The efficacy of amphetamines was investigated in autistic children because hyperactivity and inattention, frequently seen in such children, are ameliorated by amphetamines in nonautistic children with attention-deficit/hyperactivity disorder. Early studies of a large number of autistic children reported decreases in hyperactivity and increases in attention span, although severe behavioral toxicity and worsening of stereotypies were also observed. More recently, an open trial of methylphenidate (Ritalin) (optimal daily dose range, 10.0 to 50.0 mg) in nine autistic children resulted in a marked decrease in hyperactivity without major side effects.

CLOMIPRAMINE

Clomipramine (Anafranil online), an antidepressant, inhibits the reuptake of serotonin, which has been implicated in the pathogenesis of autistic disorder. A recent double-blind, placebo-controlled crossover study found clomipramine to be superior to both desipramine (Norpramin) and placebo in decreasing obsessive-compulsive symptoms, anger, and core autistic symptoms, including withdrawal and abnormal object relations. The sample consisted of 7 autistic individuals aged 6 to 18 years.
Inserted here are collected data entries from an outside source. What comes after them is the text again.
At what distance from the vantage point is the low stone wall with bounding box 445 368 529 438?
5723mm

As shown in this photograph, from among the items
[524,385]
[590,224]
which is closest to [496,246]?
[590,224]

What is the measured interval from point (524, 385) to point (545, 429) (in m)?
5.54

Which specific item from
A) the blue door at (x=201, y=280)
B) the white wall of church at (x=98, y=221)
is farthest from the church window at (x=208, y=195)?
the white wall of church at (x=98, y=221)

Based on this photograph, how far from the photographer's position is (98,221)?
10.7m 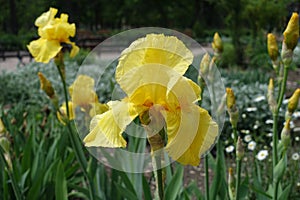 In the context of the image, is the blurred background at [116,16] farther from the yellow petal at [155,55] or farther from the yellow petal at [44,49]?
the yellow petal at [155,55]

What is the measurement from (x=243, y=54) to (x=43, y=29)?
27.9ft

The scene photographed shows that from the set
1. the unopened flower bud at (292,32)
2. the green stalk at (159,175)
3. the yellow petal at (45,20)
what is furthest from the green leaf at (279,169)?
the yellow petal at (45,20)

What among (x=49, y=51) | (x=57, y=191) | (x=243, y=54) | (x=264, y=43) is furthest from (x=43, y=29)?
(x=243, y=54)

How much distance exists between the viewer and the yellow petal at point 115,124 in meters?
0.66

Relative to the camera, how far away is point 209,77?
1.34 m

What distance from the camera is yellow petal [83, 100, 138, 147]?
66cm

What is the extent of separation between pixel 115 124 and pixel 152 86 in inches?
3.6

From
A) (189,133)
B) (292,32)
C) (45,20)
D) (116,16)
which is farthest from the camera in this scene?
(116,16)

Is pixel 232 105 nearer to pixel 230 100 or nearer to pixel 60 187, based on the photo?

The mean dosage of clomipramine was 129 mg a day (4.3 mg/kg a day). However, in a recent pilot study conducted on eight hospitalized children, aged 3.5 to 8.7 years, clomipramine yielded therapeutic changes in only one child. Untoward effects were numerous and included acute urine retention, constipation, and behavioral effects indicating toxicity; the daily dosage ranged from 2.50 to 4.64 mg/kg (mean, 3.14 mg/kg a day).

CLONIDINE

The possibility that some symptoms of autism reflect hyperarousal and dysregulation of the adrenergic system led to the study of clonidine (Catapres), an alpha2 -adrenergic agonist that reduces noradrenergic activity. In one recent double-blind, placebo-controlled study, clonidine was found to be superior to placebo in decreasing certain problem behaviors. The transdermal administration of clonidine at a mean dosage of 0.005 mg/kg a day was associated with a decrease in stereotypies, withdrawal, hyperactivity, and temper outbursts in nine autistic male patients aged 5 to 33 years. A second double-blind, placebo-controlled study on eight autistic boys aged 5 to 13 years who were hyperactive and impulsive found modest decreases in teacher and parent ratings of hyperactivity and irritability; clinicians’ ratings, however, failed to support an effect for clonidine.

The efficacy of various other psychopharmacological agents, including buspirone (BuSpar online), propranolol (Inderal), and fluoxetine, in a few autistic persons has been reported.